The morning starts at different times for each person. There are a few alarm clocks one can choose from, from the soft sounds of crickets and frogs, the cock crows as the sun starts to go up, or drum beats from someone making music in the village. Usually the final wake up call comes when the Clinic’s facilities manager fires up the generator, which runs a submerged well pump and pumps water up into the storage tank in the Clinic and is used to clean the Clinic in the morning. It takes about an hour to fill the tank, which lasts the whole day. After that it’s the sweet sound of nothing, as an array of solar panels, donated by several groups and individuals in the United States, powers most of the Clinic’s other needs, such as laboratory equipment, satellite Internet, and nighttime lights.

The sounds penetrate easily through the tents where most of the staff lives. Staff who have homes in the village make their way to the Clinic by about 8am, where they take a light breakfast of tea and maybe bread from the night before. This morning it’s mandazi, a sort of fried dough, from last night’s dinner. Living together in the same place, the staff becomes very close and communal, sharing meals, jokes, and just about everything else, including the occasional hardship, and especially the successes.

Newton, one of the Clinic’s lab technicians and a skilled farmer, goes out to the garden to pull some tomatoes off the vine before they can be spotted by birds and eaten. The staff spends their weekends and some afternoons tending the garden, which is now booming and an example for the community in an area that could be the breadbasket for Africa. Mothers are taken through the garden when they come to the Clinic to learn about improved nutrition and farming methods.

 There’s already a group of patients, some who set off hours ago or even the previous night, through knee-deep flood water making their way to the Clinic. Walking is the only option now with much of the entire region covered by standing water from intense rains the past month. It’s hoped that the rains have peaked now and the waters will begin to recede by November or December.

 The staff spends the first half of the day with patients. The two Clinical Officers, equivalent to a Physician’s Assistant in the United States, will see 30 or more patients each in a day. Today is a Monday, so it’s vaccination day for mothers and children. Women in the area dutifully bring in their children’s health cards, a big step when record-keeping is so rudimentary compared with the West, though just as important. The midwife weighs each child and marks it on a growth chart on the child’s card. JDF is hoping to launch a nutrition program in the coming months to better manage children who are identified as being malnourished.

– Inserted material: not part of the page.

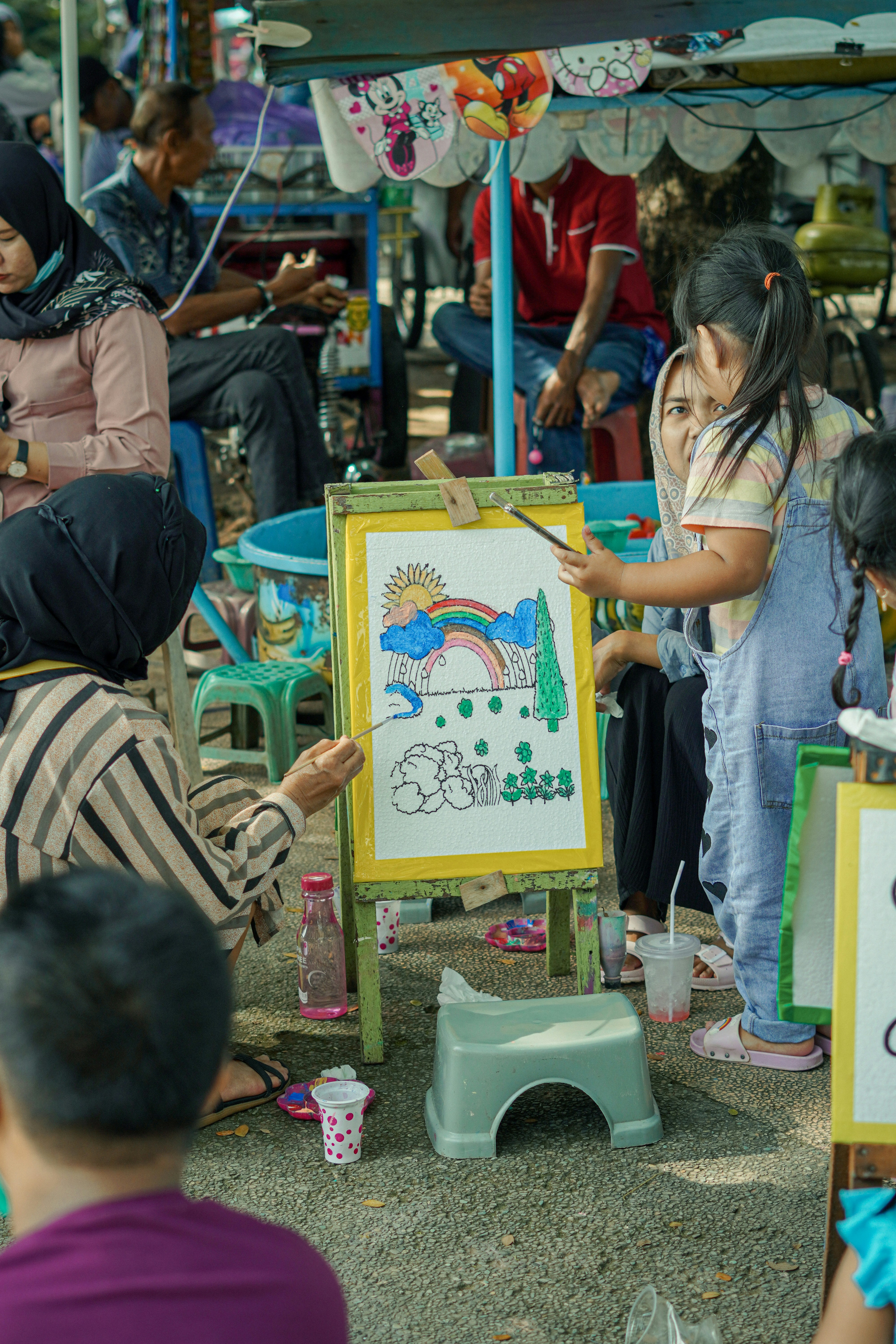 a group of people standing around a white board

 The reasons for visiting run a broad spectrum, from malaria to HIV counseling to an older woman with a big cut on her hand. By the afternoon, the Clinic has received 80 patients, which is generally considered a slow day. A dozen patients come for their daily treatment for tuberculosis, the only place for more than a two or three days’ walk that can treat the disease.

 The staff goes for a lunch of rice and beans, a staple, since the cost of food is so high in the area. The expansion of the garden provides some diversity, including kale, tomatoes, corn, and in a month’s time and with careful tending, watermelon and pumpkin, amongst other seeds brought from the United States.

 After lunch, it was a haircut day around the Clinic. The Clinic’s pharmacist, Victor, gave cuts to several of the guys under a tree outside. The staff is in and out of the Clinic tending to patients as they come in. The Clinic has never closed in its history, after more than three years and 35,000 patient visits.

 Some afternoon storm clouds roll in and everyone braces for rain. The flood waters have already displaced more than 1,500 people in the village and thousands more throughout the county and region. Thankfully, there haven’t been any deaths reported, but the Clinic is on alert and monitoring the situation, responding to an increase in certain illnesses. The rain came for just 15 minutes and was gone, making way for a beautiful sunset.

 It was a special dinner, with a simple but tasty beef stew and bread. Earlier in the week someone in the village butchered a cow, a rarity since cows are usually only slaughtered on special occasions. With the remaining solar power, some of the staff watched TV as they ate, usually American or African movies brought from the United States or Nairobi. Some of the staff, several of them who come from Kenya, checked e-mails from home before turning in for the night, prepared for what the night might bring—a late night delivery, which would call out of bed the midwife, clinical officer, pharmacist, and perhaps a lab technician for blood typing or disease screening. 

In a place where health care is still so limited, the Duk Lost Boys Clinic is an example for what can be done throughout the region and South Sudan. It’s how day in and day out, the Clinic is transforming healthcare in South Sudan.